The Playgoer: Broadway Ghosts

Custom Search

Monday, October 24, 2011

Broadway Ghosts


One of my favorite Sunday Times features is actually in the Real Estate section.  No, not listings. It's Christopher Gray's "Streetscapes" column, a kind of weekly excavation of old buildings, gone buildings, and other curiosities of NYC history.

This photo, a column earlier this month, is especially approppros in light of the splendid new revival of Sondheim's Follies. The image above is of the half-demolished Helen Hayes Theater (not the current Helen Hayes Theater) in 1982. The Hayes (on 46th between Broadway and 8th Avenue) and an adjoining house, the Morosco, were leveled that year, but not without a spirited fight from the New York theatre community, who came out in large protests.

(The occasion for Gray's column, by the way, was a recent auction of surviving slabs and other detritus from the Hayes demolition.)

Follies, you may recall, is set in an old Broadway theatre about to be demolished, haunted by the ghosts of Ziegfelds past. In fact, legend has it the inspiration for that 1971 show came from a Life magazine photo of aging star Gloria Swanson  in the wreckage of the then-recently demolished Roxy Theatre (see below).

And where is the current revival of Follies playing? At the Marquis Theatre. Part of the Marriott Marquis hotel--the very building the Hayes and Morosco were torn down to make way for.

Ghosts, indeed....

3 comments:

John Branch said...

Thanks for including that photograph of Swanson in the ruins of the Roxy.

I wonder whether it's possible nowadays to shoot such images. Not hard to imagine that regulations and/or fear of lawsuits would prevent it. I tell ya: if we can't play in the wreckage of our theaters, whose wrecked theaters can we play in?

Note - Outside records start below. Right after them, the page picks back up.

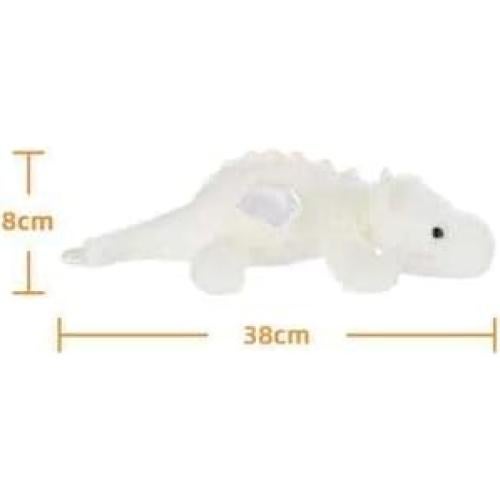 Dragón de Peluche Blanco Apricot Lamb 38 cm para Niños
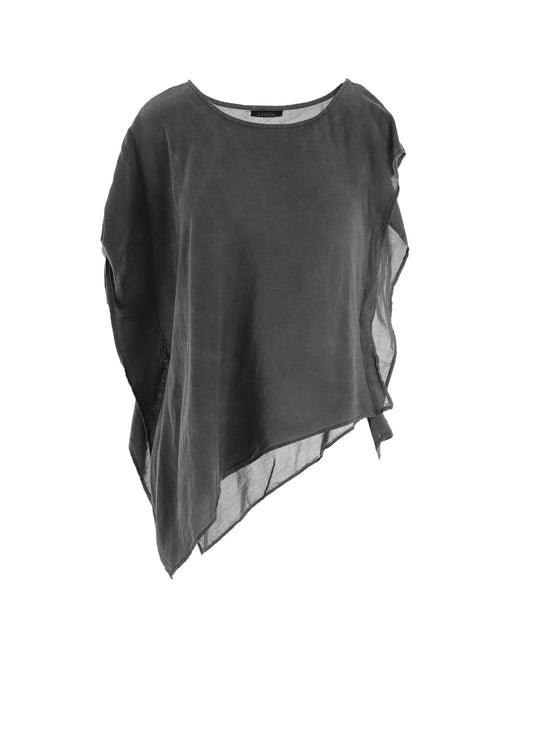 GARMENT-DYED LAWN SQUARE BLOUSE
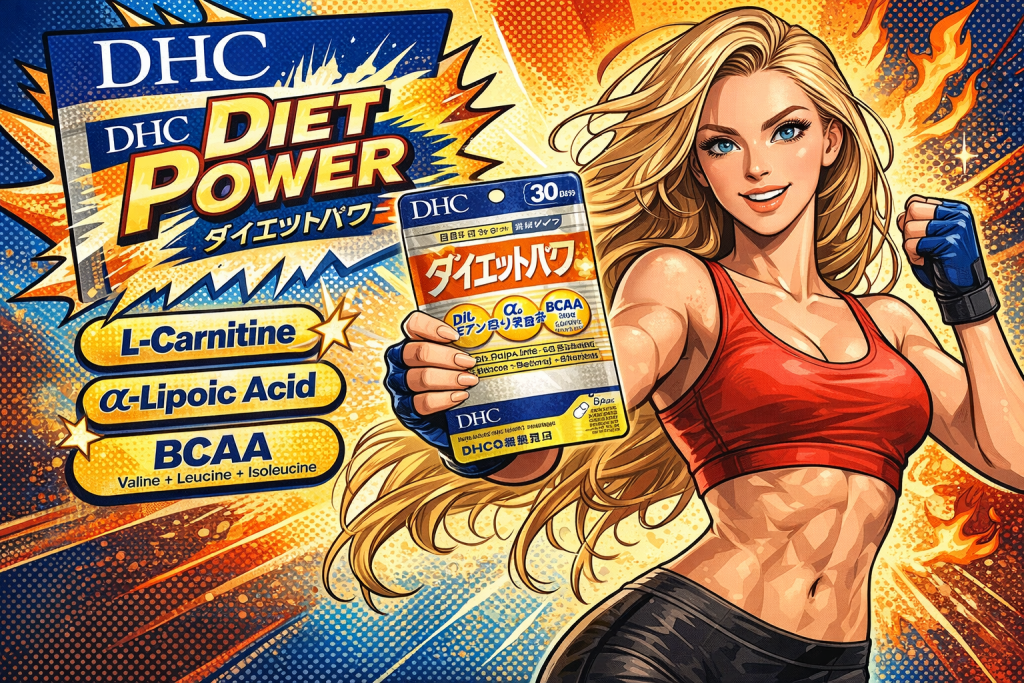 DHCダイエットパワーをもつスポーツマン美女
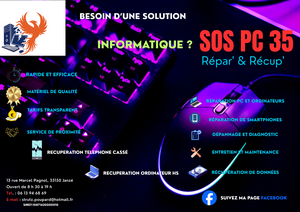 sos pc 35 Janzé, Réparateur d'ordinateurs et d'équipements de communication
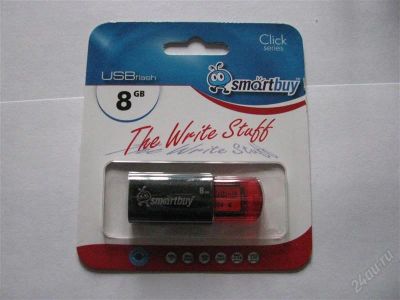Лот: 2231115. Фото: 1. USB Flash-карта Smartbuy 8 Gb. USB-флеш карты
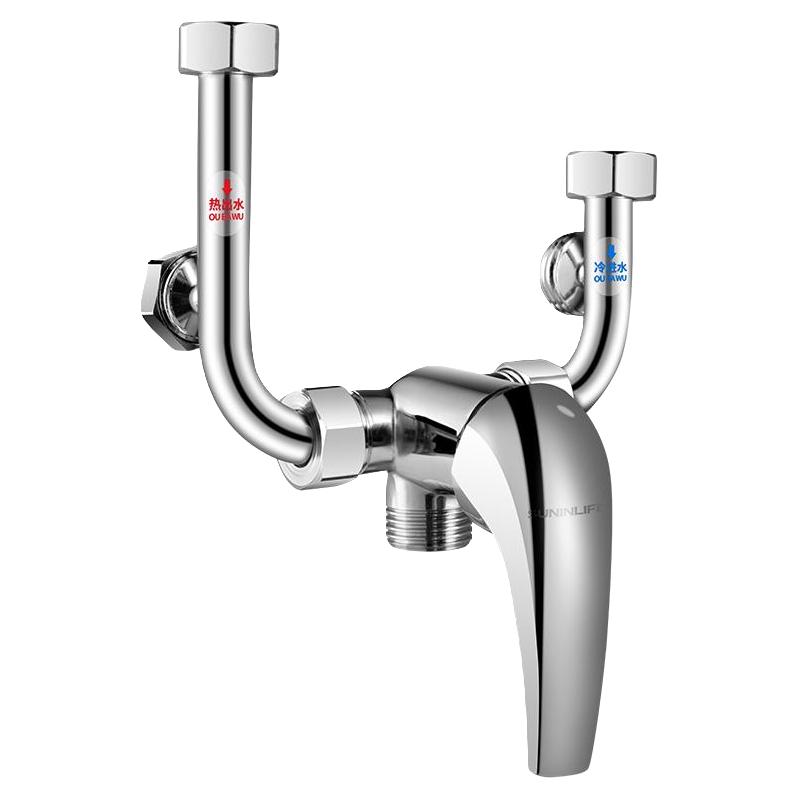 SUNINLIFE 起点如日 电热水器混水阀卫生浴室冷热淋浴水龙头配件大全明装通用U型开关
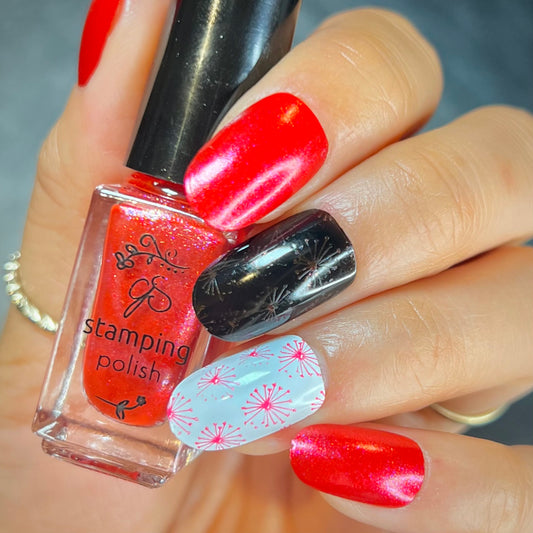 #125 Love Bite - Nail Art Stamping Color (5 Free Formula)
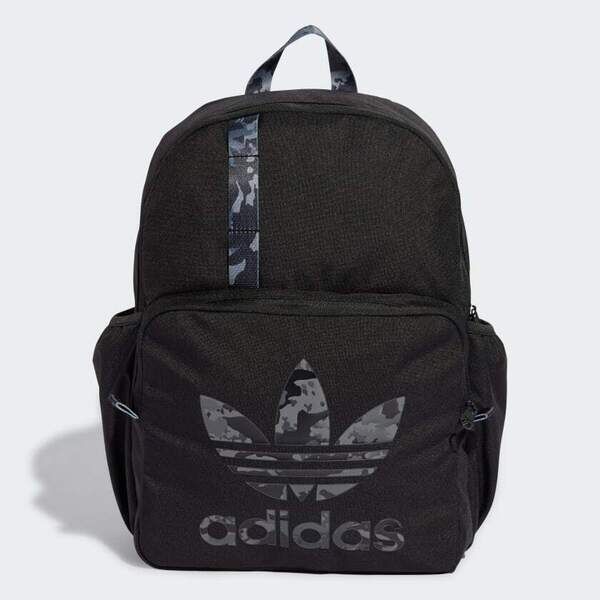 Adidas 愛迪達 Camo Backpack IX6824 後背包 迷彩 戶外 運動 休閒 黑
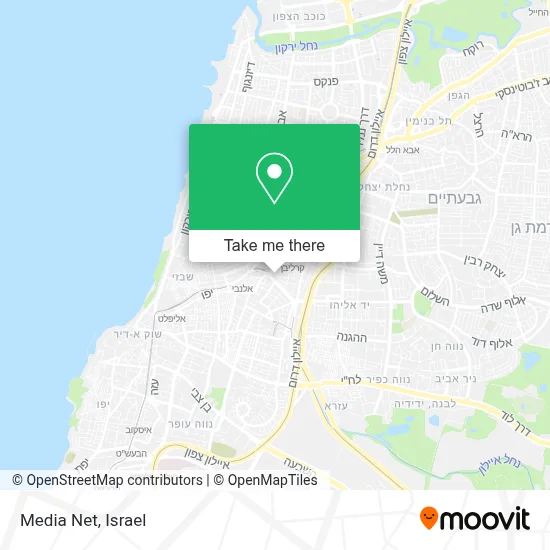 Media Net map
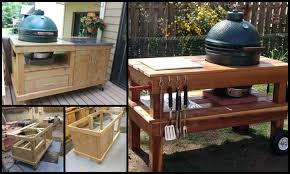 diy barbecue grill table a great way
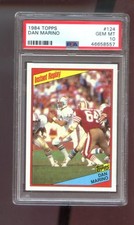 1984 Topps #124 Dan Marino Instant Replay ROOKIE Year GEM MT PSA 10 Graded Card
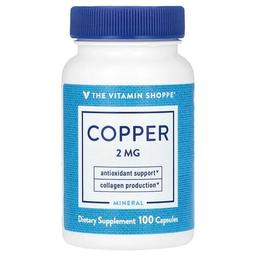 The Vitamin Shoppe Copper 2 Mg 100 Capsules
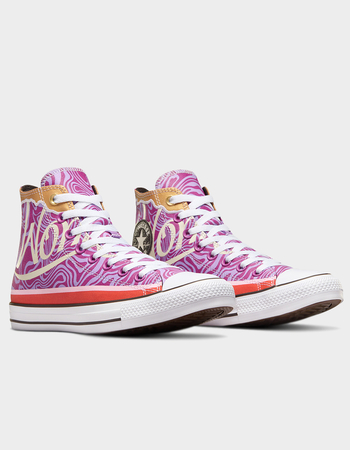 CONVERSE x Wonka Chuck Taylor All Star Swirl High Top Shoes Alternative Image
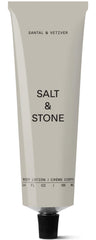 Salt & Stone Santal & Vetiver bottle demonstrates fast-absorbing hydration.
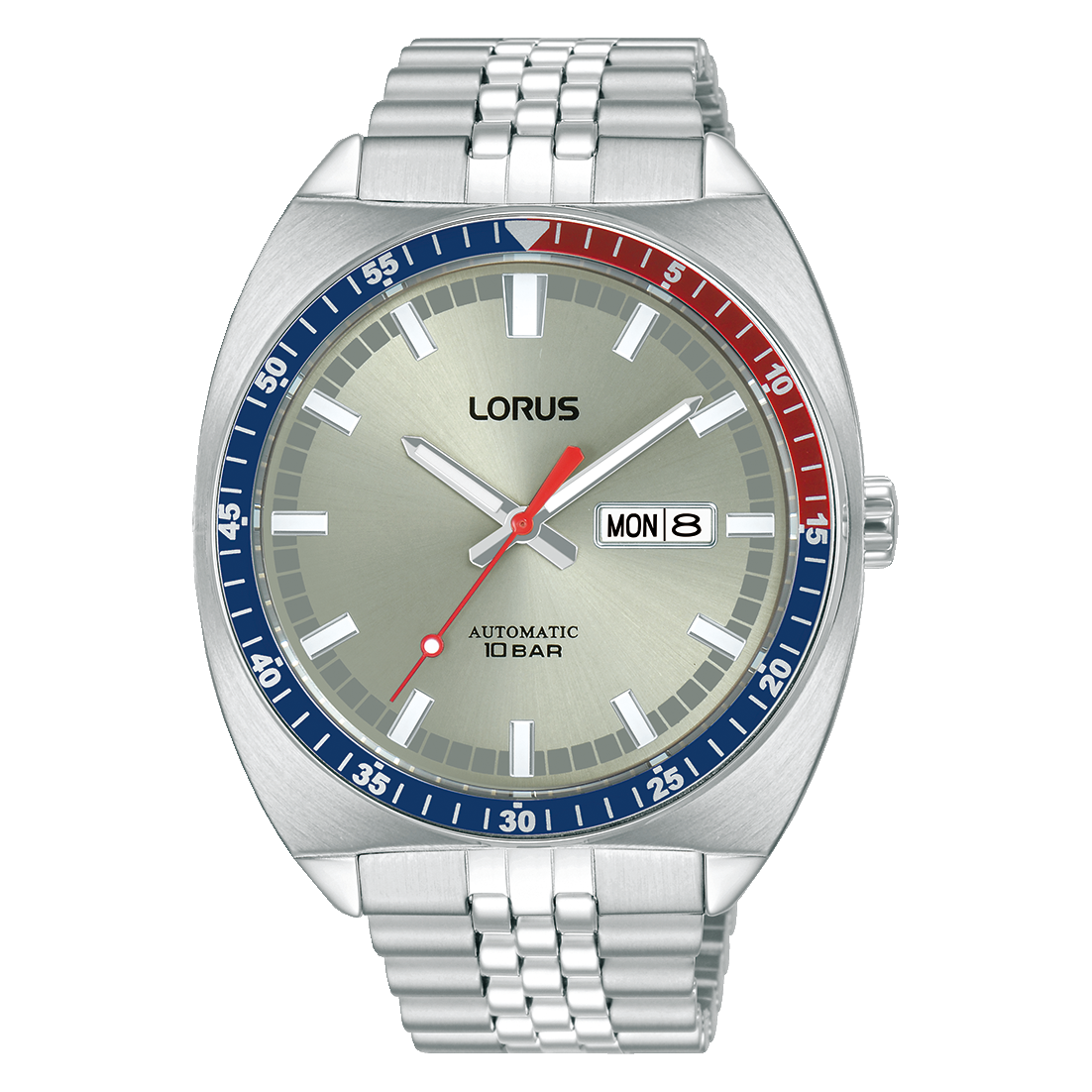 Lorus Gents 43mm Stainless Steel Sports Watch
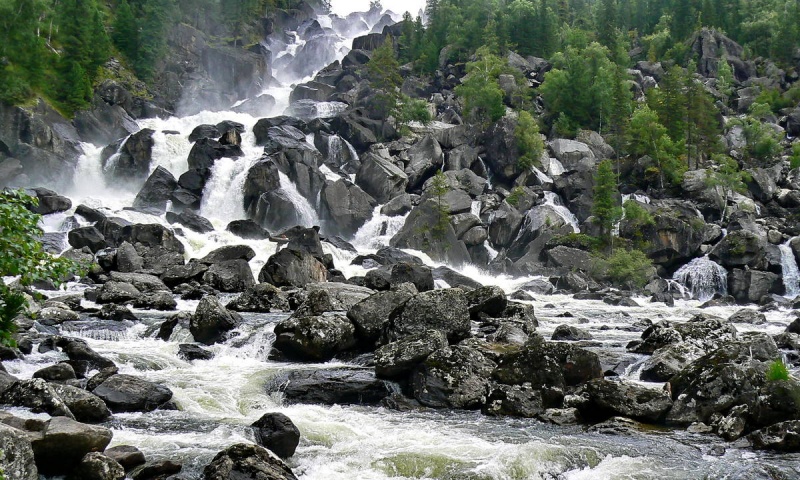 Водопад Учар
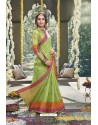 Green Latest Designer Festive Wear Saree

Jacqueline T. Lynch said...

Intriguing theater history. I love that Swanson photo.

Kevin and Don Norte said...

Did they really auction off the piece of the facade of the Helen Hayes. My husband and myself were students at the time and I worked for The Shuberts. I remember the morning I woke up to discover workers took a jack hammer and "jacked" a line across the facade. It was originally all supposed to be saved. Nothing bad happened but the City had them take a piece that was not destroyed and it was supposed to be saved and incorporated into a future theatre on Broadway. Was it sold?
We left New York after that because our "heart" was broken. Working for the Shuberts, the destruction of the 5 theatres, the rise in HIV, and the way every interview I went on for a theatre job seemed like a casting couch were the reaons we left.
We returned and went to see Follies at the Marquis and I accidentally peed on the floor but then started laughing.